::: Dataset content

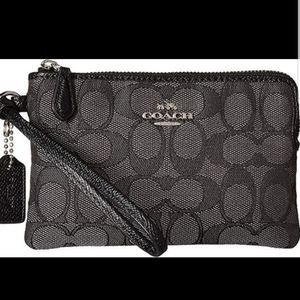 Coach Outline Signature Small Corner Zip Wristlet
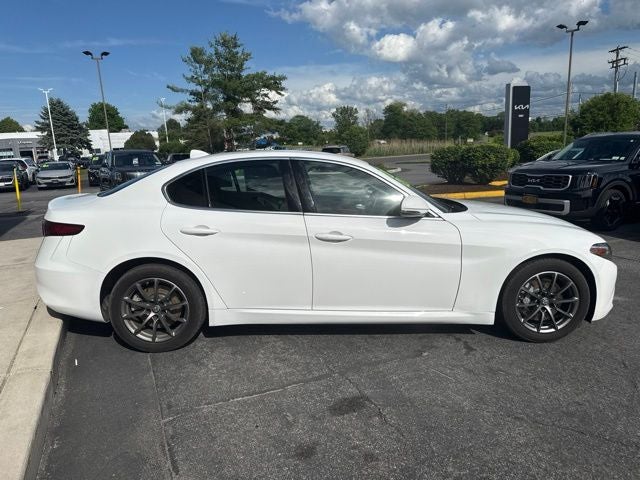 2020 Alfa Romeo Giulia Base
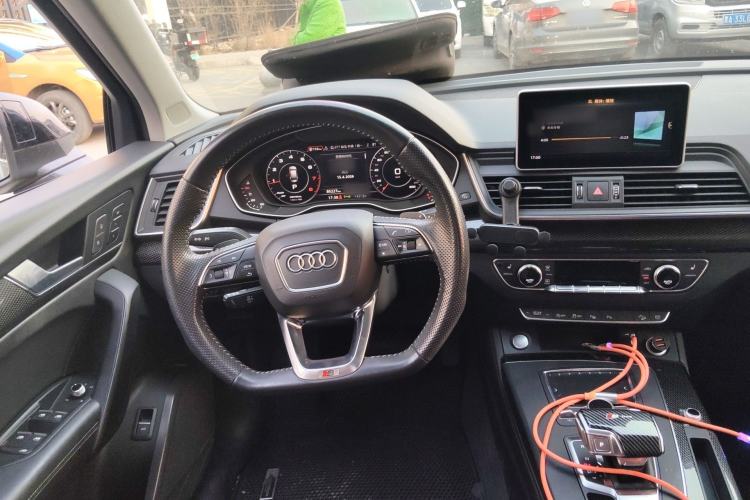 Used Audi Q5L 2018 45 TFSI Prestige Fashion Edition China VI Emission Standard Steering Wheel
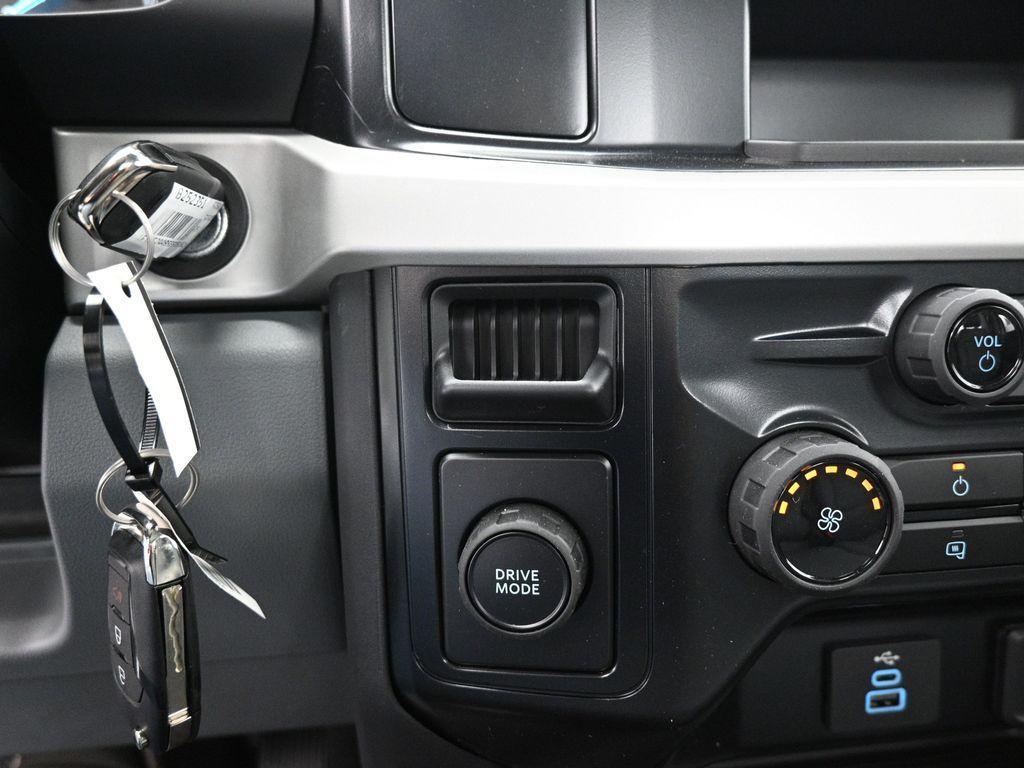 new 2025 Ford F-250 car, priced at $45,395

::::::

Please set down each line of the data above exactly as written, without the pictures.

* [Result of the exercise]
 Coach Outline Signature Small Corner Zip Wristlet
 2020 Alfa Romeo Giulia Base
 Used Audi Q5L 2018 45 TFSI Prestige Fashion Edition China VI Emission Standard Steering Wheel
 new 2025 Ford F-250 car, priced at $45,395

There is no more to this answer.